Electrochemically enhanced wetting of 3YSZ and Mn1.5Co1.5O4 by Ag−CuO and their application in flash joining

Ag−CuO is a widely used air braze sealant for joining ceramic electrolytes and stainless-steel interconnects in solid oxide fuel cells (SOFCs). Balancing the amount of CuO in a braze is challenging because it enhances wettability and also aggravates steel surface degradation. Manganese cobaltite spinel (MCO) is widely used as a protective coating for SOFC steel interconnects. Therefore, we herein propose a strategy for enhancing the wetting of an Ag−CuO alloy with a low concentration of CuO (4 mol%) on 3 mol% yttria-stabilized zirconia (3YSZ) and MCO by applying a direct current to the 3YSZ/Ag−CuO/MCO system.

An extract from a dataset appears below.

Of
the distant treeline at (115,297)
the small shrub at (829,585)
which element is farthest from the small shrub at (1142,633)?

It was discovered that the wetting of 3YSZ improved regardless of the current polarity; however, the wetting of MCO was selectively improved by the current flowing from MCO to 3YSZ. The underlying mechanisms are discussed based on the current-induced interfacial electrochemical reactions and dissolution. Furthermore, the flash joining of 3YSZ to MCO-coated Crofer22APU was achieved, and an optimized shear strength of 62 ± 11 MPa was obtained. A correlation between the interfacial microstructure, mechanical properties, current polarity and current intensity was also established.